Hacker News new | past | comments | ask | show | jobs | submit login
The Piano Test for Program Verification (2011) (regehr.org)
37 points by tosh on Jan 26, 2022 | hide | past | favorite | 23 comments



> I recently reviewed a paper that kept saying things like “we rigorously prove” and “we formally verify” — despite the fact that the paper contained nothing but proof sketches

Yep. Some people think "formal" means "mathematical," whereas it actually means "mechanical". A formal proof is one that can be correctly checked by a computer.

> The second problem is deeper: it is extremely difficult to argue convincingly that a verification result is correct. By “correct” I mean not only “mathematically sound” but also “the result is faithful to the intent of the verification effort.”

Worse. Even if we're convinced that the properties we verify are the right ones for correctness, we can only prove (even formally so) that an abstract algorithm satisfies them. We cannot prove that a system — which ultimately comprises a lot of hardware — does.

On the other hand, because reducing the probability of (catastrophic) failure is all we can hope for anyway, formal verification in various forms can help do that better — i.e., reduce the probability further, and with lower cost — than traditional testing methods alone. For example, because a formal specification can be quite short, it might be easier to convince ourselves that the properties we're checking are indeed the ones we're interested in than thousands of tests. I absolutely agree, though, that formal methods researchers often make the mistake on focusing on the wrong thing when communicating the value of their work. Formal methods can never prove a system correct, but they can help make it more correct and with less effort than using traditional assurance methods alone.

In other words, formal methods help catch some dangerous bugs more easily than traditional testing, and that is where their value is. Using the word "proof" when describing the goals of formal methods is doing them a disservice.


You'd be foolish to sit under the piano if only some piece of software is verified, and not the entire operating system, and the silicon. And not just the correctness of blueprint of the silicon, but the freedom of manufacturing defects of that exact build of the silicon, and all the hardware around it: every DRAM memory cell, every capacitor. That still leaves the possibility that a bit is flipped due to silicon being struck by radiation. Consumer-grade hardware is quite susceptible to random errors caused by cosmic rays.

All verification makes assumption about some lower layer that is not itself verified.

For instance, you can't deduce the issues uncovered by Meltdown and Spectre from the semantics of the x86 instruction set architecture; so if you use that alone, you can falsely prove that x86 programs don't have security problems.

Rationally speaking, you shouldn't take any risk, however small, where there is no benefit. You wouldn't risk $1000 if the expected value from the entire risky event $900. If you're putting your life on the line, there has to be something in it other than convincing people that you really believe in something being correct.
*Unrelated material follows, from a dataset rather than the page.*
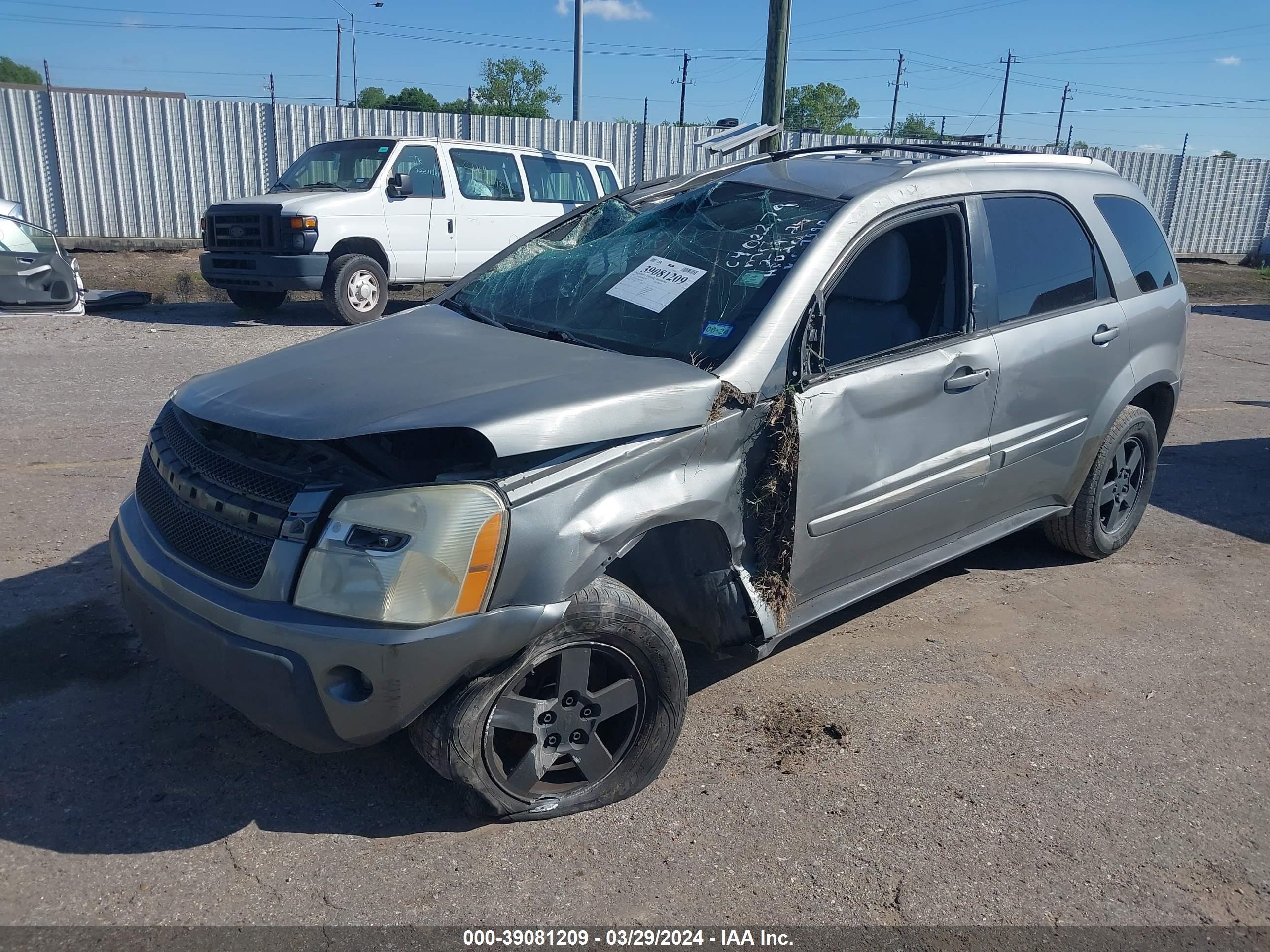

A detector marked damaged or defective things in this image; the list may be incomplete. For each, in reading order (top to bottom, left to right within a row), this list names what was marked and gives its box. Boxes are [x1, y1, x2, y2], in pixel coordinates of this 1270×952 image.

shattered windshield [275, 139, 393, 191]
shattered windshield [447, 180, 843, 368]
damaged chevrolet equinox [114, 145, 1183, 822]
Consider this: people have died for the sake of showing that their belief (e.g. religious) is correct! For instance, set themselves on fire or blown themselves up, or suffered as martyrs all the way to death. Just because some programmer put himself under the piano while his code was being fuzzed doesn't mean that it's correct, just that he or she is reckless and has a fanatical belief in the work. (If the programmer is reckless, I'm disinclined to believe in his or her code.)


If we were able to write a complete, correct, and machine-readable specification for a piece of code, then we wouldn't need the code: we could use the specification as the code. (This does not mean that programs cannot be verified; I believe they can be, at least to the same degree bulletproof vests are, and people routinely bet their life to demonstrate the latter. It's just that it shouldn't require two specifications.)


A specification isn't the same as executable code. For example, the specification for sorting any array A having indexes [0 .. n) is the resulting array B such that there exists a permutation P of [0 .. n) such that B[P(0)] <= B[P(1)] <= ... <= B[P(n-1)]. But this specification says nothing about how to find such a permutation. You could do it by brute force because the space is finite, but that wouldn't be a practical sorting algorithm. So a practical algorithm will have a different flavor and different proof than the simplest specification.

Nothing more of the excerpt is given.